* How to complete this task
Down to the last line, reproduce the data that follows, but skip the pictures.

* Data for the task
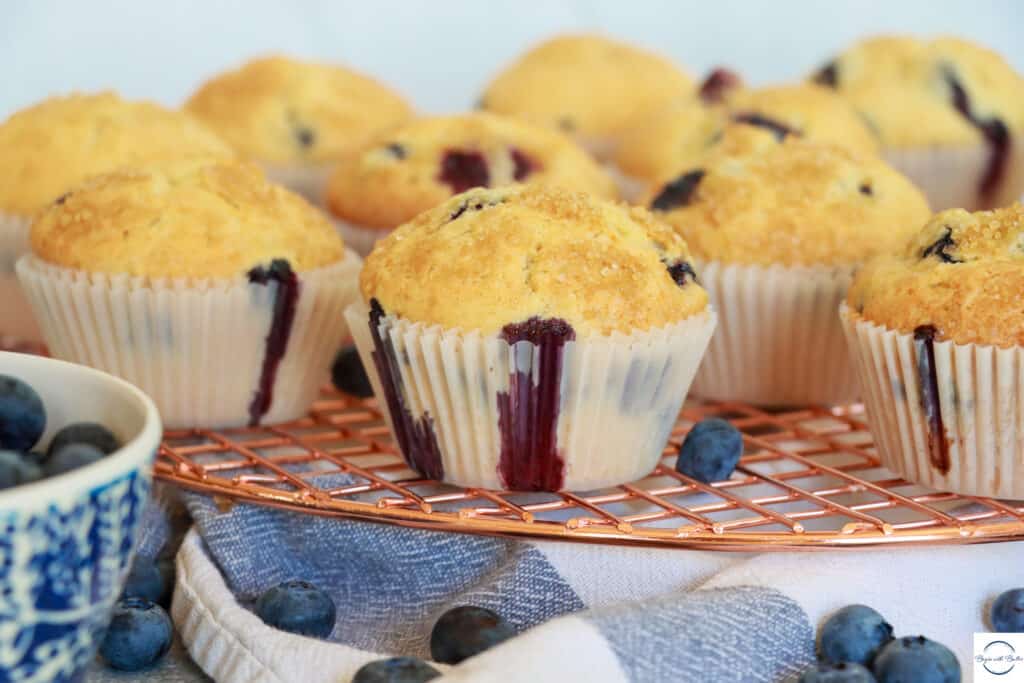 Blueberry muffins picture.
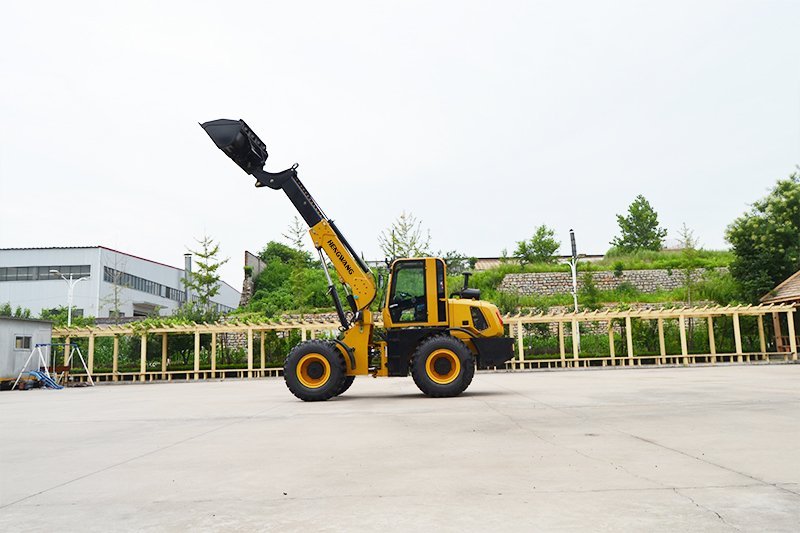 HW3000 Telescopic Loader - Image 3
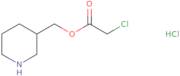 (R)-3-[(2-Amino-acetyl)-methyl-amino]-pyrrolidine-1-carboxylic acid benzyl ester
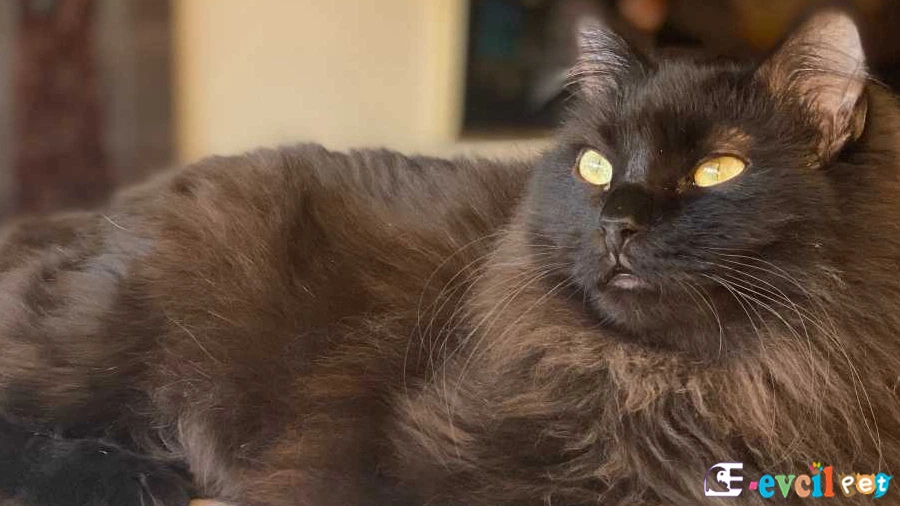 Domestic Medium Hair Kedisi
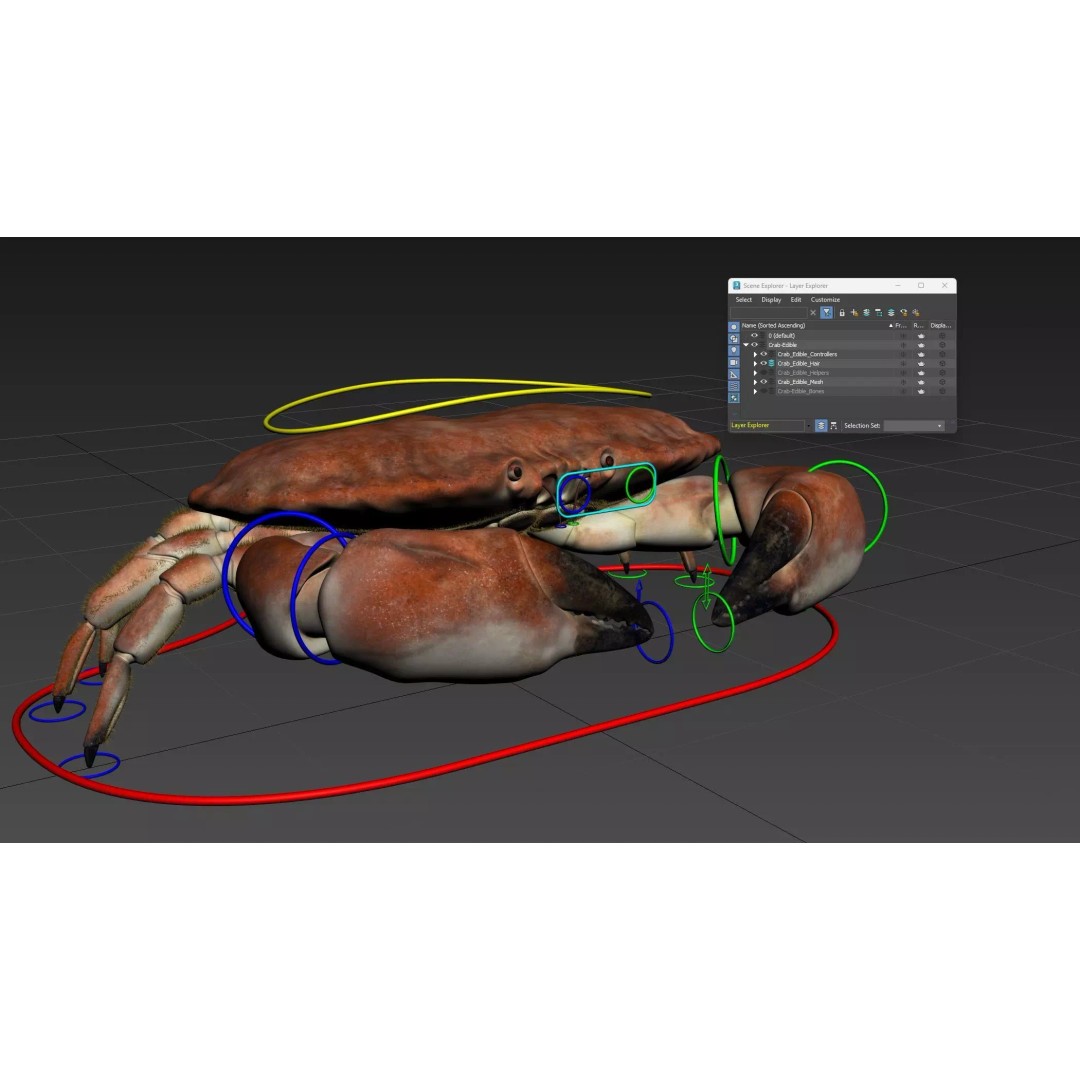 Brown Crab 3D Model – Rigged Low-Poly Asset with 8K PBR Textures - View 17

* Solution for this problem
 Blueberry muffins picture.
 HW3000 Telescopic Loader - Image 3
 (R)-3-[(2-Amino-acetyl)-methyl-amino]-pyrrolidine-1-carboxylic acid benzyl ester
 Domestic Medium Hair Kedisi
 Brown Crab 3D Model – Rigged Low-Poly Asset with 8K PBR Textures - View 17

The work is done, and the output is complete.